**Exercise objective**. Reproduce every record exactly.

**Records for the exercise**.
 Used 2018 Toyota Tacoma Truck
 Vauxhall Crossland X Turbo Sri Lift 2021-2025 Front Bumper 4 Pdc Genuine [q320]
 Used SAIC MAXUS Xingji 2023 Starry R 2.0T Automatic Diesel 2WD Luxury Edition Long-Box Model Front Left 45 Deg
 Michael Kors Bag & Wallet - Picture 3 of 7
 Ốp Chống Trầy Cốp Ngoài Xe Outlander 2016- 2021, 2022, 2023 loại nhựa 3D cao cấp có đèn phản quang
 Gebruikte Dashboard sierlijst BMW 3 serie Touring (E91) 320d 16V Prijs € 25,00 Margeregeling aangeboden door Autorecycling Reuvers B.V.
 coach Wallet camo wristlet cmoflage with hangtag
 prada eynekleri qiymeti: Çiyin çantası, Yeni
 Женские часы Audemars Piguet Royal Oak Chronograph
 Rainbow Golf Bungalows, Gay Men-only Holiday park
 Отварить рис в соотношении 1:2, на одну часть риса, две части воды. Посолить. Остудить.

**Answer to this problem**.
 Used 2018 Toyota Tacoma Truck
 Vauxhall Crossland X Turbo Sri Lift 2021-2025 Front Bumper 4 Pdc Genuine [q320]
 Used SAIC MAXUS Xingji 2023 Starry R 2.0T Automatic Diesel 2WD Luxury Edition Long-Box Model Front Left 45 Deg
 Michael Kors Bag & Wallet - Picture 3 of 7
 Ốp Chống Trầy Cốp Ngoài Xe Outlander 2016- 2021, 2022, 2023 loại nhựa 3D cao cấp có đèn phản quang
 Gebruikte Dashboard sierlijst BMW 3 serie Touring (E91) 320d 16V Prijs € 25,00 Margeregeling aangeboden door Autorecycling Reuvers B.V.
 coach Wallet camo wristlet cmoflage with hangtag
 prada eynekleri qiymeti: Çiyin çantası, Yeni
 Женские часы Audemars Piguet Royal Oak Chronograph
 Rainbow Golf Bungalows, Gay Men-only Holiday park
 Отварить рис в соотношении 1:2, на одну часть риса, две части воды. Посолить. Остудить.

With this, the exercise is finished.